I have loads of issues with other peoples spit etc on baby toys (not about my ds putting them in his mouth, but about me touching them!) bu. Even I used to by toys in charity shops for him when he was a baby. Just used to wash then in a bit of disinfectanat and they were as good as new.

Now he's older, I get all his books from charity shops. Especially since we home ed, I have saved hundreds of pounds.

Eralc · 03/08/2010 09:04

I can sympathise with you as I got very paranoid about germs when pregnant and when DS1 was tiny. I had to get over it very quickly the day I caught him licking a visiting childs shoe when he was about 7 months old (tuned my back for 2 seconds, and he had rolled over and wedged it in his mouth!) After that did him no harm, I became much more comfortable about it all, and am not having the same worries now I'm pregnant a second time.

StealthPolarBear · 03/08/2010 09:05

Well I wouldn't like it as we have enough plastic tat anyway. But they'll be cleaner than the toys your son comes across at toddler groups - all that snot and poo

ballstoit · 03/08/2010 09:05

YABU but why not,he's the most important thing in your life isnt he? Perhaps you could ask her to bring fruit or to save up for something larger he will need at some point? But if she's anything like my late MIL she will ignore you and get stuff anyway. Just try to give him something else to chew while he's playing with those bits.

LittleBugsMum · 03/08/2010 09:06

I agree, pfb! I feel guilty now.

I don't have a problem with playgroup, friends houses & libraries. Doesn't make sense does it?
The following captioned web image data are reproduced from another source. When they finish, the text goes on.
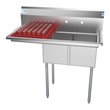 Pemberly Row 12x16x10 Left Stainless Steel Prep Utility Sink in Silver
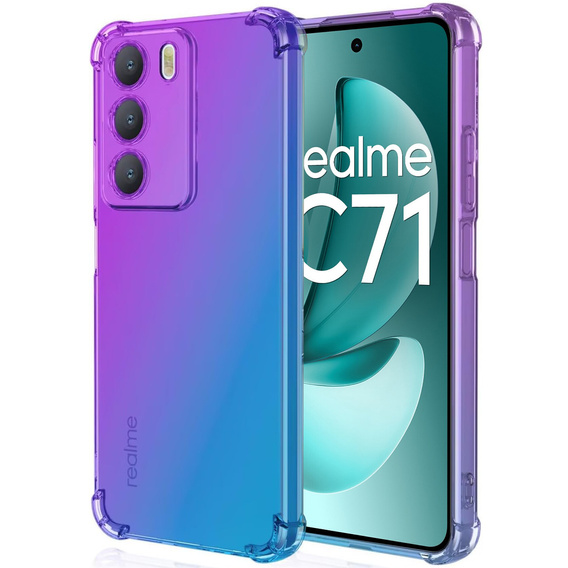 Чохол для Realme C71, Gradient Dropproof, Фіолетовий / синій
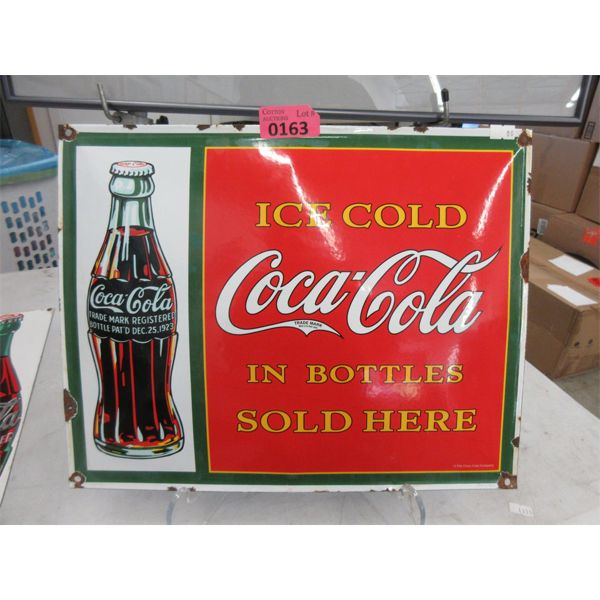 Porcelain Coca-Cola Sign - 16" x 13" 1990 approx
Thanks mathsMadMummy and pigletmania

& MovingBeds Am I working class? wtf?

OP posts:
MathsMadMummy · 03/08/2010 09:09

no, don't feel guilty, it is only natural to want the best for your child, it's just that over time I've realised that actually playing with the toys is more important than just having nice toys, and so where the toys come from doesn't matter, if that makes any sense

ragged · 03/08/2010 09:20

Funny, LBM, I was going to say Yanbu because your MIL should respect your wishes and lots of people don't want their DC to have 2nd hand stuff for themselves. It's not my style either (all my DC stuff came from charity shops!) but I respect people who choose differently.
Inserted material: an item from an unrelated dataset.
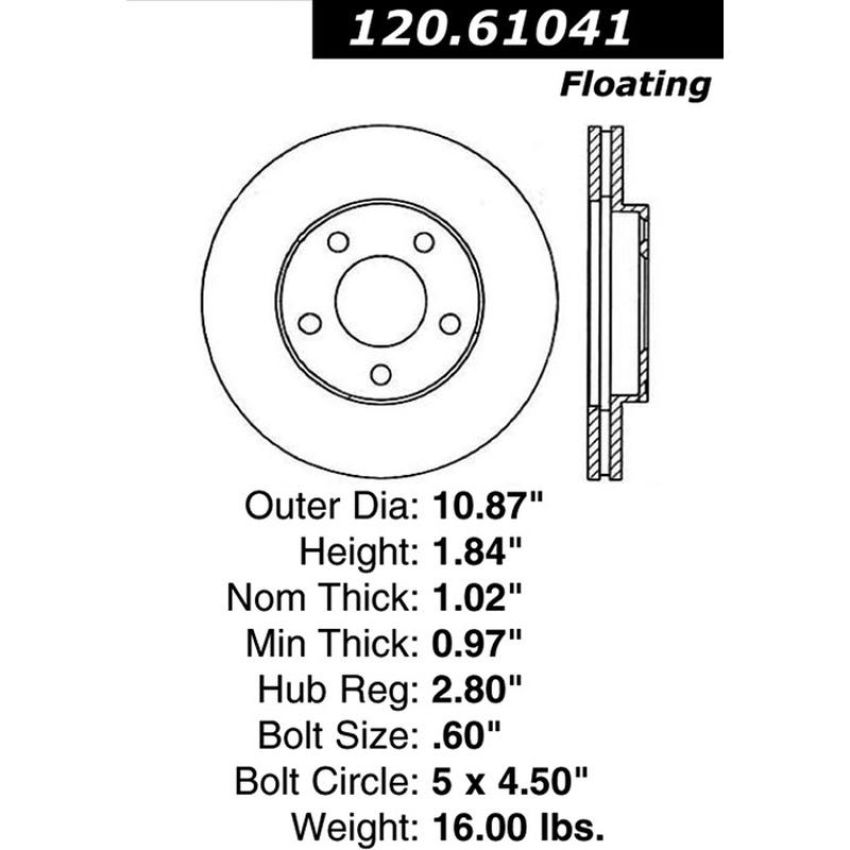 CENTRIC PARTS 120.61041 Centric Premium Brake Rotor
Firawla · 03/08/2010 09:28

yanbu, it doesn't matter what others think about charity shops - you don't like them and mil is disregarding that. if you have told her once, that should be enough.
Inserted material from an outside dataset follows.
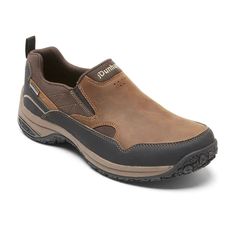 Men's Cloud Plus Waterproof Slip-On Shoe – Rockport Brown Rubber Sole Slip-ons For Outdoor, Outdoor Moc Toe Slip-resistant Walking Shoes, Slip-resistant Moc Toe Walking Shoes For Outdoor, Outdoor Slip-ons With Round Toe And Rubber Sole, Outdoor Slip-on Walking Shoes With Arch Support, Functional Outdoor Slip-ons With Rubber Sole, Brown Slip-on Shoes For Outdoor Activities, Rugged Slip-on Outdoor Walking Shoes, Rugged Slip-on Walking Shoes For Outdoor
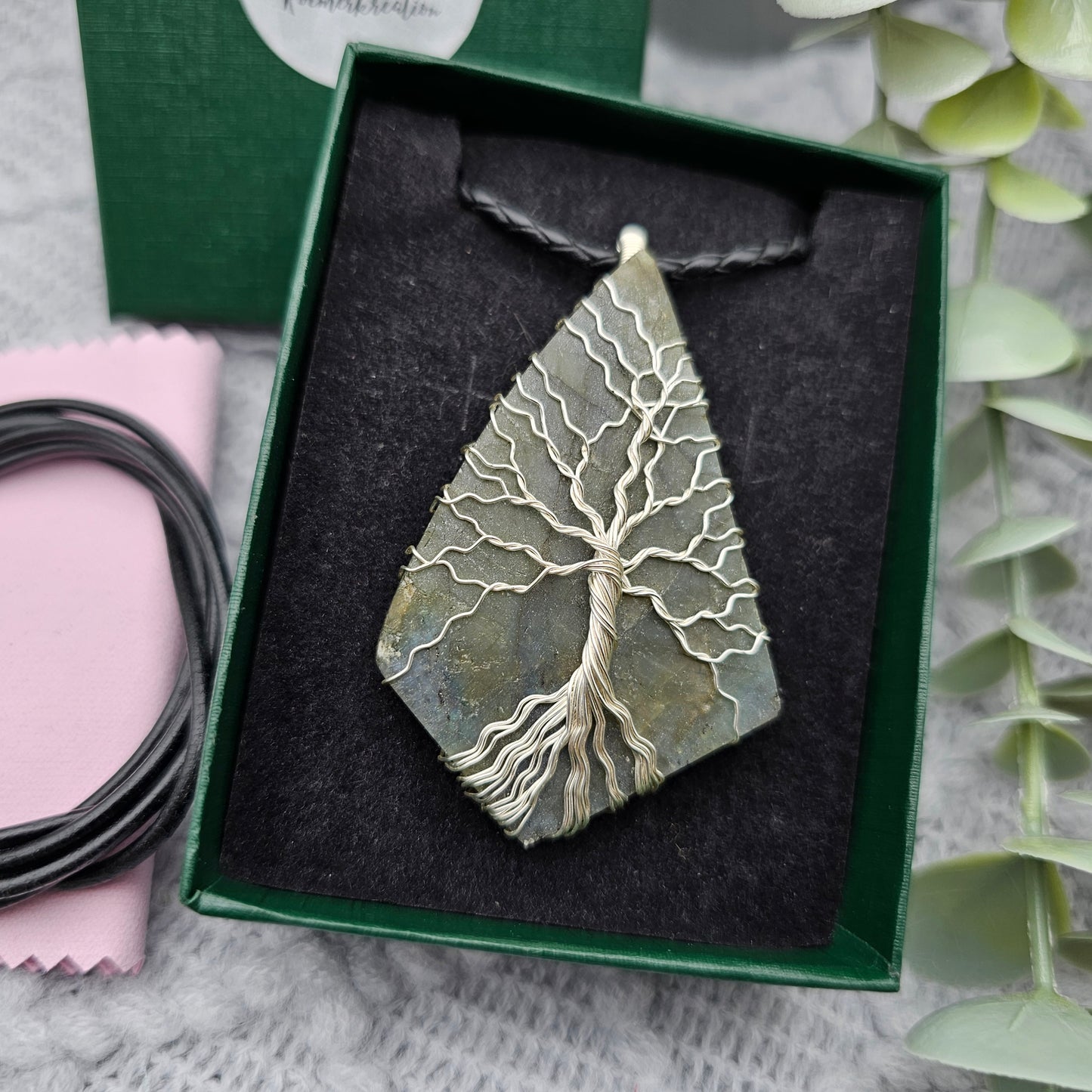 Labradorite Raw Slab Tree of Life Pendant | Jewelry Wire | Gemstone Necklace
BonniePrinceBilly · 03/08/2010 09:42

So someone gives your child a present, actually many presents, and you tell them they aren't good enough for your kid or your home, and you have to ask if you are being unreasonable?

You are, obviously.

seeker · 03/08/2010 09:44

So regardless of how stupid someone's wishes are, they ahve to be respected?

DetectivePotato · 03/08/2010 09:47

YABU and precious.

I wouldn't like it if they were ruined and scribbled all over, like I have seen at carboots. I thought that was going to be your problem.

As long as they are cleaned, then there is no harm.

gorionine · 03/08/2010 09:47

"whatever the issue, and if you have told your MIL that you don't want her to do it, why is she doing it? (except to f^ with your head)"

Or maybe she is on a small budget?

I think YA a bit U OP, unless you never ever live your house your Dc will touch/suck toys that have not just been scrubbed with Dettol

gorionine · 03/08/2010 09:50

Sorry OP I just realised I had missed page 2 where you already say you do not have an issue with play group...

DetectivePotato · 03/08/2010 09:50

I see you feel guilty now, ok.

I do understand where you are coming from. I hate the idea of other baby spit etc on toys but if anything is second hand I just get the milton wipes out. Some second hand stuff is brilliant as it doesn't even look like its been played with.

seeker · 03/08/2010 09:52

Yes, she is doing to to fuck with the op's head. That's the only reason a mother in law ever does anything. Because mothers in law are a completely different species to other women - they are dropped fully formed from space ships the instant a man marries and to replace the women who brought him up and created the person you loved enough to want to marry.